Feminism shows its roots as early as the reign of Queen Elizabeth the First of the 1500s, Mary Wollstonecraft of the 1700s or Jane Austen during the early 1800s. These women advocated and showed dignity, intelligence and the best potential of the female sex. However, only in the late 1800s was it that a solid, self-conscious and clearly identifiable movement was formed to represent and fight for women’s rights; feminism.
The first wave of feminism emerged during the turn of the 20th century, rising from the backdrop of industrialism, urbanisation and basic liberal politics. The first feminist movement focused greatly on formal, legal equality – first wave feminists carried out the fight for the vote for women. First wave feminism was characterised by predominantly white, middle class, and almost entirely cisgender women and encouraged the review of the basic differences between men and women. First wave feminism is sometimes criticised for being elitist and having a ‘pull the ladder up behind you’ mentality when it came to the inclusion of black women or women of other ethnicities, and also working class women. First wave feminism also failed to address the social causes of gender inequality, and attempted to fix cultural inequality by legal means.

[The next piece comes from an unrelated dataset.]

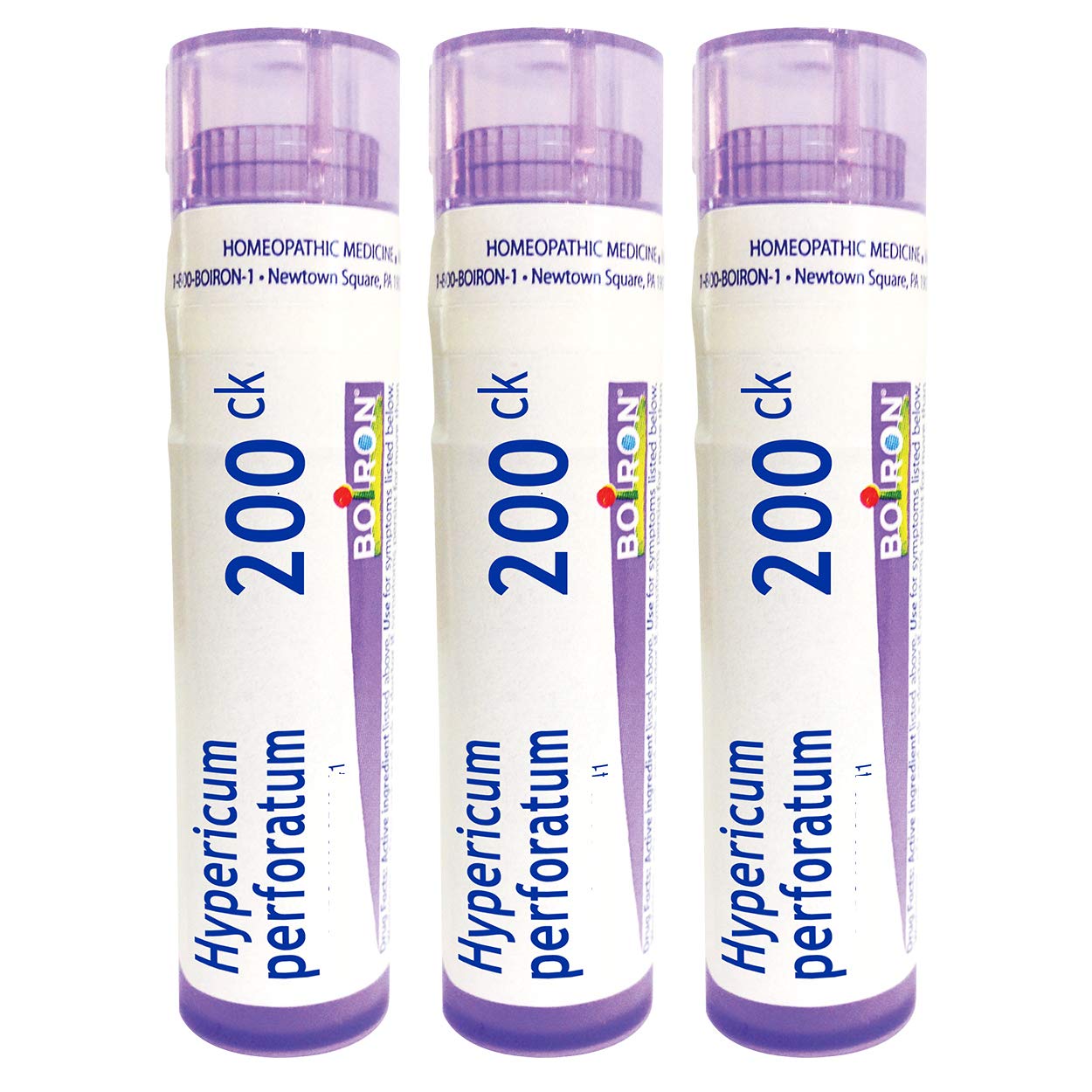 Boiron Hypericum perforatum 200CK tubes for convenient multi-dose dosing at home.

The recognition of the inadequacy of legal equality set off the mutation into the second wave. The second wave is agreed to have existed from the 1960s through into the 1990s. The backdrop of the second wave was anti-war movements, civil rights activism, and the growing consciousness of minority groups in oppressive societies. In Britain, a radical revamp of the Left took place – manifesting itself under New Labour, in the face of this, second wave feminism was seen to be accelerating rapidly down a radical trajectory. For second wave feminists, social inequality was the key issue – focusing on female sexuality and reproductive rights for women. We have second wave feminists to thank for the bra-burning stereotype of feminists – as emphasis was put on feminine items such as high-heels, lipstick and bras as a means of patriarchal oppression of women. Second wave feminists began to realise the association of the oppression of women with more wide spanning social critiques of capitalism, normative heterosexuality and the class divide. To address the exclusionary nature of first wave feminism, second wave feminism attracted with women of colour, women from developing nations and working class women in order to seek sisterhood, describing women as a social class and throwing phrases such as “the personal is the political” into the public domain.